A lower density of CaSR leads to less downstream signaling. Therefore, the same actual Ca²⁺ concentration can lead to different PTG responses in a normal, healthy PTG compared to a gland with reduced CaSR expression (Goodman et al. 1998; Schmitt and Schaefer 1999). The gland with reduced CaSR expression appears less sensitive to Ca²⁺. Therefore, it is not the present ionized calcium level that determines the response of the system but rather the calcium level associated with the CaSR density which is referred to as sensed calcium concentration $\mathit{CS}$. The same holds for the 1,25D concentration. A gland with reduced VDR expression appears less sensitive to 1,25D and it is not the actual 1,25D concentration but the 1,25D value associated with the VDR sensitivity ($\mathit{DS}$) which determines the response of the system.

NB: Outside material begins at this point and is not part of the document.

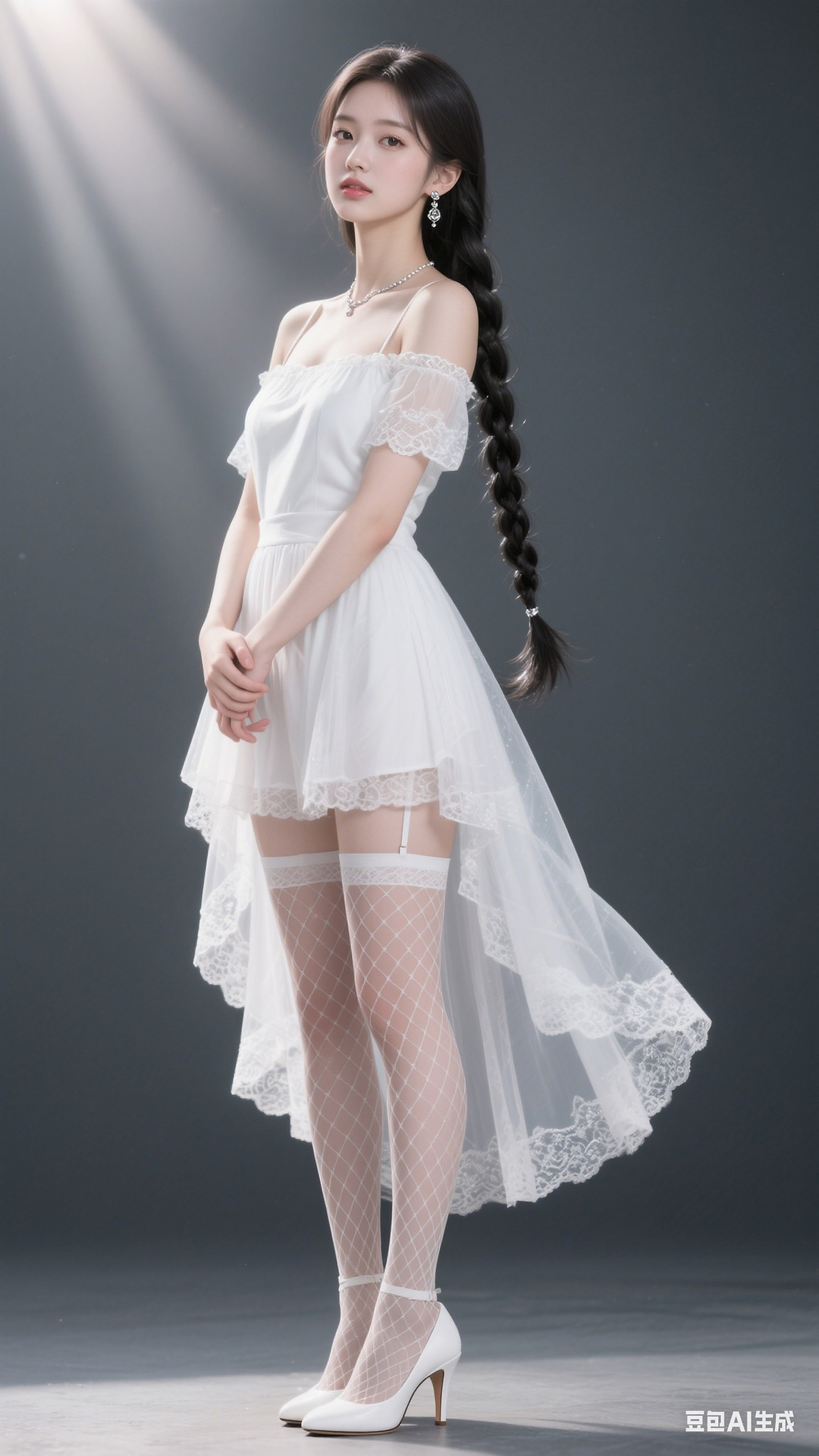 White off shoulder multilayer gauze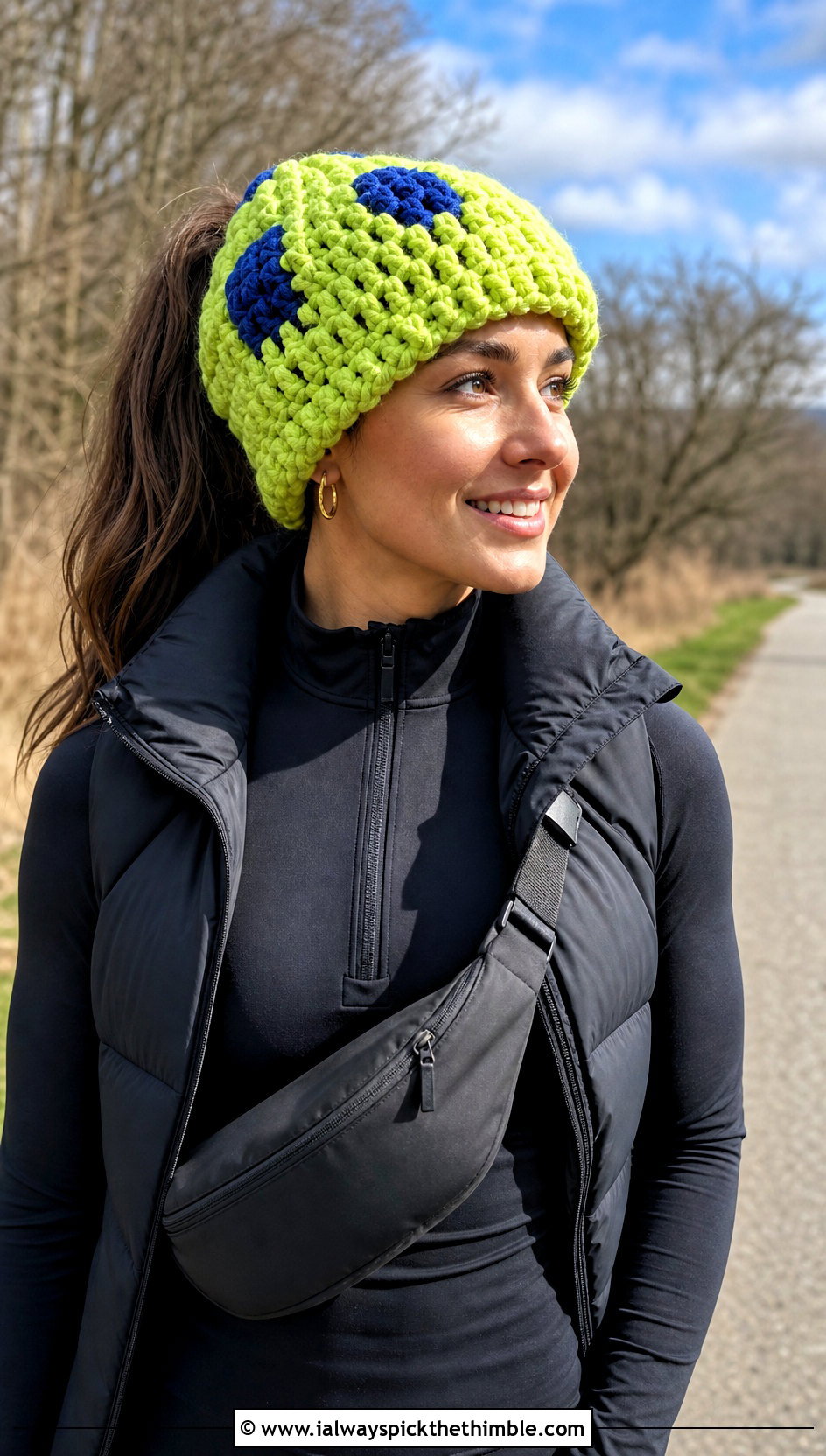 Chunky Color Block Crochet Beanie With Puffer Vest - 25 chunky crochet beanie outfit ideas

$$\frac{\mathrm{d}CS}{\mathrm{d}t}=\text{sens}(\mathit{CaSR}+\mathit{VDR})C-CS,$$ (6)

$$\frac{\mathrm{d}DS}{\mathrm{d}t}=\text{sens}(\mathit{CaSR}+\mathit{VDR})D-DS,$$ (7)

$$\text{sens}(x)=A_S+(1-A_S)·(x/2),$$ (8)

where $C$ is the blood ionized calcium concentration and $D$ is the 1,25D plasma concentration. At optimal conditions, the dimensionless CaSR and VDR expressions equal 1, and $\mathit{CS}$ and $\mathit{DS}$ equilibrate to $C$ and $D$ Hence, the sensed calcium concentration equals the actual blood Ca²⁺ concentration. If the dimensionless CaSR expression starts to decline, the sensed calcium concentration $\mathit{CS}$ declines as well but with a slight delay. The maximal rate of decline is A _S. This effect is reversible. If the CaSR expression increases again, for example, by long‐term effects of a low phosphate diet, 1,25D supplements, or calcimimetics, the sensed calcium concentration $\mathit{CS}$ will approach $C$ again.

CaSR signaling

CaSR signaling is directly governed by the sensed ionized calcium concentration $\mathit{CS}$ and phosphate (Silver and Naveh‐Many 2009). Furthermore, the activity is indirectly governed by VDR due to the feedback loop between the VDR and CaSR:

$$\frac{\mathrm{d}{\chi }_{\circ }}{\mathrm{d}t}=p_{\circ }·({\chi }_0^{\mathrm{in}}-{\pi }_{{}^0}^{\mathrm{in}})·{\chi }_{\circ }+n_{\circ }·(1-{\chi }_{\circ }),$$ (9)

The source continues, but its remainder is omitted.